Boxing


You jumped on the bandwagon for nothing: Some Hard Truth about Sam Peter

By Jason Peck: Every now and then some guy with reputation for knockouts emerges on the scene. And every time he comes along, the pundits fall over themselves and call him king – it never fails. But being champ means more than a reputation..

To me, too many people jumped on the Sam Peter bandwagon. And I’m tired of hearing about how he’ll walk through WBC champion Oleg Maskaev. To date, Peter’s victims have been non-contenders and a former middleweight (who gave him trouble, I might add). Fans can pad Peter’s record all they want, but the simple fact remains: If Peter prevails against Maskaev on March 8, he will have beaten the most credible opponent in his career. And not by a little bit, either.

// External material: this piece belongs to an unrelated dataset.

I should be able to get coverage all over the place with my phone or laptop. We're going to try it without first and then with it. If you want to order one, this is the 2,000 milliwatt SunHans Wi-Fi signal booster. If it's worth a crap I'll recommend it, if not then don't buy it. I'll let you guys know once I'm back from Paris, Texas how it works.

Peter’s unimpressive victory over the unheralded Jameel McCline shocked many; Peter even visited the canvas three times en route to victory. Somewhere out there, the “Nigerian Nightmare” should be thankful that the WBC kept him away from a Top Ten contender, as a courtesy to its newly-appointed champion.

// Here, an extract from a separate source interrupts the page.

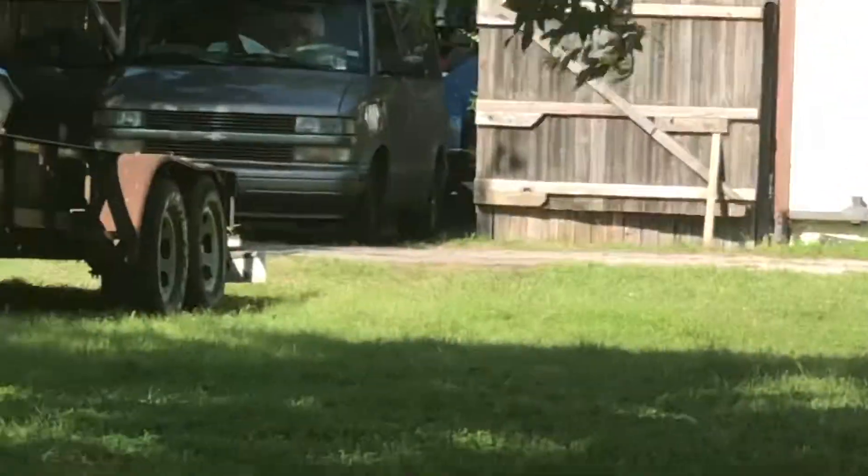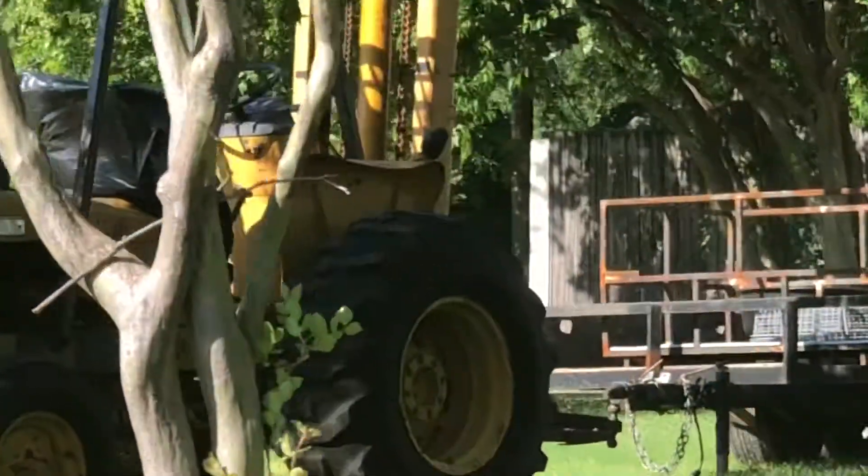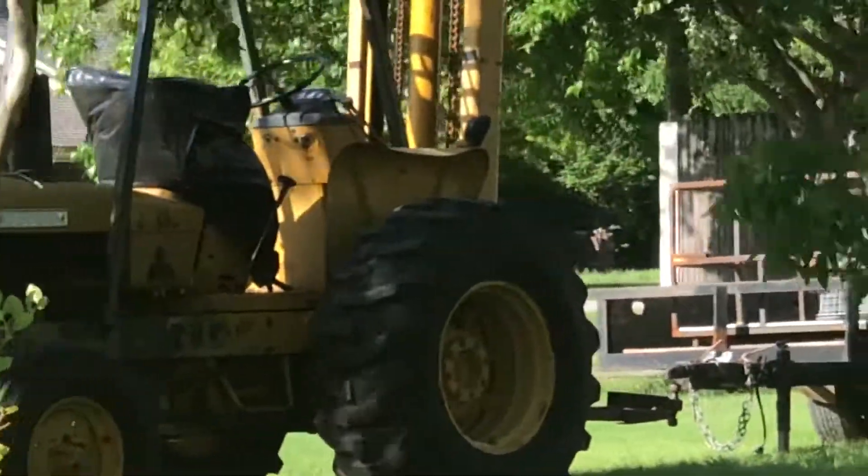It's all bouncy. John Deere forklift — very cool. You know, you're safe. Thank you.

I have a simple explanation for his performance: Sam Peter just isn’t that good.

I’m no recent critic. Since the early days, the fans lost no time in declaring him heir apparent to the heavyweight title. Along the way, they praised Peter for skills he never had, applauded him for improvements he never made, and let him fight lesser opponents without criticism.

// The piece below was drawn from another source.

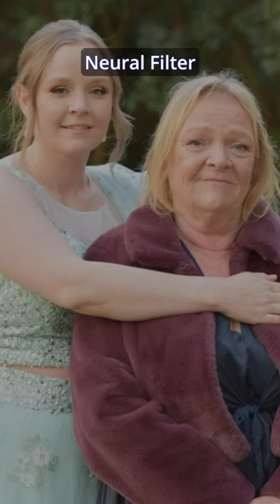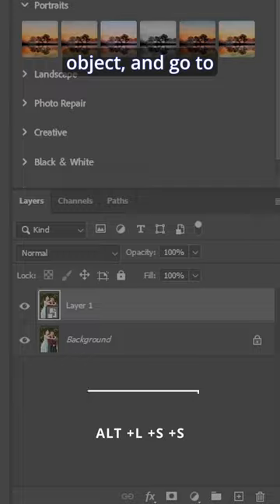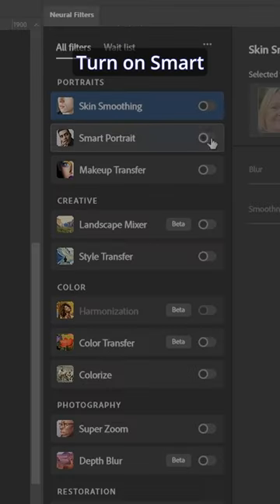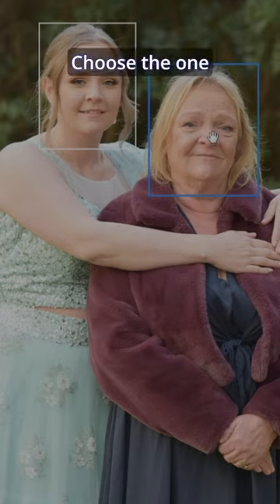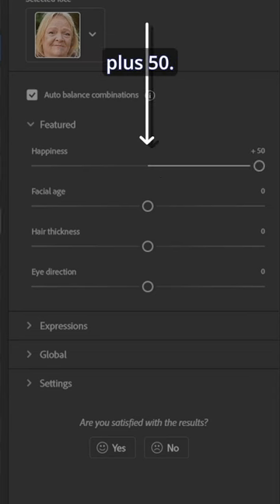The happy face edit: Photoshop Neural Filter Smart Portrait. Copy the layer, make it a smart object, and go to Filter > Neural Filters. Turn on Smart Portrait, choose the one that's not smiling, and make the happiness meter all the way up to plus 50.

The alphabets tossed him title shots – at one point, Peter could pick and choose between them. Ring Magazine ranks him second in the division, and demands that Wladimir Klitschko fight him again to determine their true champion. And soon after Mike Tyson retired, many made ridiculous comments that the torch had been passed down from Tyson to Peter.

First off, it’s always irritating when people use the phrase “like a young Mike Tyson” to describe any heavy-handed fighter. How ignorant – it makes it sound like young Mike was a knuckle-dragging Neanderthal. Instead, he was expertly trained, incredibly disciplined (courtesy of Cus D’Amato) and physically sharpened to a razor’s edge. Quite the opposite is true – few boxers are “like a young Mike Tyson”. That’s why there hasn’t been a young Mike Tyson since a young Mike Tyson.

Peter’s got a great jab, you say? I haven’t seen it. Vast improvement? Please – all he did was lose some pounds he shouldn’t have had in the first place. He’ll gain them back. And hard-hitting? I ask you, when was Peter’s last knockout?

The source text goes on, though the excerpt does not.